Drug Delivery Vehicle/Plattform into brain
Novel vehicle platform for the targeted delivery of drugs into the brain parenchyma, particularly useful as platform for the delivery of biologics, like e.g. proteins or antibodies.
The delivery of drugs into the brain, particularly of (big) biologicals, is hampered by the blood-brain-barrier (BBB) as well as CSF-brain-barrier. Specially naked protein delivery into e.g. CSF might show undesired immunogenic side effects (e.g. meningitis). Current state-of-the-art, like liposomes, has an inefficient delivery of biologicals (like proteins and antibodies) from plasma to CSF and brain. Delivery pumps with direct protein delivery into CSF often result in meningitis and inflammatory response. Vector based delivery systems have the disadvantage that they should be applied by injection all over the brain, as well as the control of the vector.

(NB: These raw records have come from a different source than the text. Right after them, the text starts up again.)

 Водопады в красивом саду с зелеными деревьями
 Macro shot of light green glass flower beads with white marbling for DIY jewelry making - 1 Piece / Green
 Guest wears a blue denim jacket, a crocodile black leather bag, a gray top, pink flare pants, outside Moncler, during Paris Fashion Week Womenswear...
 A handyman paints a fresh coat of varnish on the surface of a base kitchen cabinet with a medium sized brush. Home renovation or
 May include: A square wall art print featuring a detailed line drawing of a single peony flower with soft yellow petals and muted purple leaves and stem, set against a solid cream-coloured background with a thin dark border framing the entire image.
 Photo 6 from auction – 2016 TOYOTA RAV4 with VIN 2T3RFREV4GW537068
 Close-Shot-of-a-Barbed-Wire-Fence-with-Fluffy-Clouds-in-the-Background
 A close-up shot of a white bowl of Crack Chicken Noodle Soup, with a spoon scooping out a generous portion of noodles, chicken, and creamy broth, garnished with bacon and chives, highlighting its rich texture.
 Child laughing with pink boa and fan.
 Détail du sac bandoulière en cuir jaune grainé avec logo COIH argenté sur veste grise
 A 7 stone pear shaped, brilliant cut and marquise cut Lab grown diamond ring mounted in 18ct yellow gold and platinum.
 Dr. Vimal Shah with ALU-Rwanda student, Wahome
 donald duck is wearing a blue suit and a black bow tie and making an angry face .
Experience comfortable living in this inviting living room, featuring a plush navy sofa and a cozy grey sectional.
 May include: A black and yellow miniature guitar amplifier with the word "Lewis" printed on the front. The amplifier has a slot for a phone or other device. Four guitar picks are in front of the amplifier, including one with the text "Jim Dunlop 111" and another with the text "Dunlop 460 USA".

Scientists at the Universitätsmedizin Göttingen developed a designed delivery vesicle as cargo transport of drugs with higher molecular weight and of biologicals like e.g. proteins or antibodies, for targeted delivery into brain parenchyma. The targeting is achieved through a specific biomarker, which is incorporated into the designed vesicles. When the biomarker is located on the surface of vesicles it enables penetration and distribution of vesicles into brain parenchyma. The biomarker plays an important role in the natural brain delivery (see references). This novel vesicles could be used as a carrier and delivery technology platform.
Technology platform to be used for the delivery of biologicals, like proteins or antibodies, or drugs with higher molecular weight, into the brain, for the therapy of neurological, neurodegenerative and neuronal metabolic diseases.
Preclinical research in vitro and in vivo, with in vivo proof of principle.
US20140105817A1 and EP2908800A1 patent applications have been filed. Applicants are the Georg-August-University - Medical Center Göttingen together with the Göttinger start-up AllOrphan UG.
Nature Commun. (2013) 4:2123 doi: 10.1038/ncomms3123, Grapp et al.